*** Opening Stored data ***

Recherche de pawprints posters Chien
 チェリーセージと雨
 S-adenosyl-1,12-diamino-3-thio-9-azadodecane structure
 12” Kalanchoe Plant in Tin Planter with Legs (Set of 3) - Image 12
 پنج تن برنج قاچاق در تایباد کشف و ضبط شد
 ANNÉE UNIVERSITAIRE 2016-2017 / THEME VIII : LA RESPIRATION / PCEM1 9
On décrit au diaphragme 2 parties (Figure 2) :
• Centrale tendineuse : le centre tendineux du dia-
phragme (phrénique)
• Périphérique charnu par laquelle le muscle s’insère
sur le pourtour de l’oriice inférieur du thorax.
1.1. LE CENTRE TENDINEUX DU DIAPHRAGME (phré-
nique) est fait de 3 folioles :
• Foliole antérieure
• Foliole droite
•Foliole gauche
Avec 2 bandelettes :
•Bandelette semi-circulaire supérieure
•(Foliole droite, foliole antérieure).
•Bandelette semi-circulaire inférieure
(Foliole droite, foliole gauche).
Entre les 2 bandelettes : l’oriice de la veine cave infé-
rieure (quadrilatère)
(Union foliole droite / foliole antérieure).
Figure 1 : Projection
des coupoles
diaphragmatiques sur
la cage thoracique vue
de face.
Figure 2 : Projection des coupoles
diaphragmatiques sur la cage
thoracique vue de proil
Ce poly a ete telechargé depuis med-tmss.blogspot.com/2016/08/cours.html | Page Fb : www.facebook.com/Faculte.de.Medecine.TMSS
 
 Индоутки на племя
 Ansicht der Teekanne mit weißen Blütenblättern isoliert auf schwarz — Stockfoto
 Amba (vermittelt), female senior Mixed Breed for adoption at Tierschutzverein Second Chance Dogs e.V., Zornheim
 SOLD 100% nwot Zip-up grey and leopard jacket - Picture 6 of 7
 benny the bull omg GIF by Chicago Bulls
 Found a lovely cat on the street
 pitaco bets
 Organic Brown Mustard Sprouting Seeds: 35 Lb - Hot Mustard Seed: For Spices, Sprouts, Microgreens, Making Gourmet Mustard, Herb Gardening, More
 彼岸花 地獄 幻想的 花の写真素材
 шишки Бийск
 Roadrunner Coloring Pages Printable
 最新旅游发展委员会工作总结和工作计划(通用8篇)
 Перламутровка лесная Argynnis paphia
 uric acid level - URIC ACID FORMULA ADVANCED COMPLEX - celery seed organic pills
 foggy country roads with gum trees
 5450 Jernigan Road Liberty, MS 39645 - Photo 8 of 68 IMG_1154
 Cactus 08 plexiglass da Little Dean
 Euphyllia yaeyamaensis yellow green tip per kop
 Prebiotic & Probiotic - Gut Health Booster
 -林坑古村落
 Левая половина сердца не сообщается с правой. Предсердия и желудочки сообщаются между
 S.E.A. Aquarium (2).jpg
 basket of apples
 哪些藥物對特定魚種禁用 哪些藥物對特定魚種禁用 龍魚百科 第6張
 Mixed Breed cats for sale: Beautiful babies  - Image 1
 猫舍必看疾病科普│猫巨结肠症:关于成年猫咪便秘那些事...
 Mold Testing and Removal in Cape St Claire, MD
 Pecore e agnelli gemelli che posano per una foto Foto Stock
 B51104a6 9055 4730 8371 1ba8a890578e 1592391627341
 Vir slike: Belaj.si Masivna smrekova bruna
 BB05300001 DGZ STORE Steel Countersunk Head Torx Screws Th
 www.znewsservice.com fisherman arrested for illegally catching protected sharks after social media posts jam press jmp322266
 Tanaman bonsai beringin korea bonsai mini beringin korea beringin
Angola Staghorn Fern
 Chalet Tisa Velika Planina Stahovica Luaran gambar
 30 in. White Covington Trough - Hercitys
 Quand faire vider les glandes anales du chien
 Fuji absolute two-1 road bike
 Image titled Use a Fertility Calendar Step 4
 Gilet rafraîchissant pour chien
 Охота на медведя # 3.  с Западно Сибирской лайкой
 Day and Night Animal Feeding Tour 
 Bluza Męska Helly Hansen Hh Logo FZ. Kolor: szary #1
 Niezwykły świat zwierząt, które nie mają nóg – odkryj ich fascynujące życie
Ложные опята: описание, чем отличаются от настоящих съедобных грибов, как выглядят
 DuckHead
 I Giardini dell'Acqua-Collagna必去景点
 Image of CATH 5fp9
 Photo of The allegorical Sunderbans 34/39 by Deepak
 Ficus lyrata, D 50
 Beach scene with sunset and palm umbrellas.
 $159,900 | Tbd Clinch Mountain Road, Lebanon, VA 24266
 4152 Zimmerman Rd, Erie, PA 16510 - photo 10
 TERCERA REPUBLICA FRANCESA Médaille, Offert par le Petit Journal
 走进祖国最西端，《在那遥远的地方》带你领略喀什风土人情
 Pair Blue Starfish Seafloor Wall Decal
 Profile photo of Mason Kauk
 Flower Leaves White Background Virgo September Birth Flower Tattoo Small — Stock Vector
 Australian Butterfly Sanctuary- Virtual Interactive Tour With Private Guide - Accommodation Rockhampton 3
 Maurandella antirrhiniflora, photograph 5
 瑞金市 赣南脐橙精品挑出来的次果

*** Closing Stored data ***

▸ Exercise description: Look through the entries and return each line that has the word "Mixed" in it.

▸ Output for this exercise:
 Amba (vermittelt), female senior Mixed Breed for adoption at Tierschutzverein Second Chance Dogs e.V., Zornheim
 Mixed Breed cats for sale: Beautiful babies  - Image 1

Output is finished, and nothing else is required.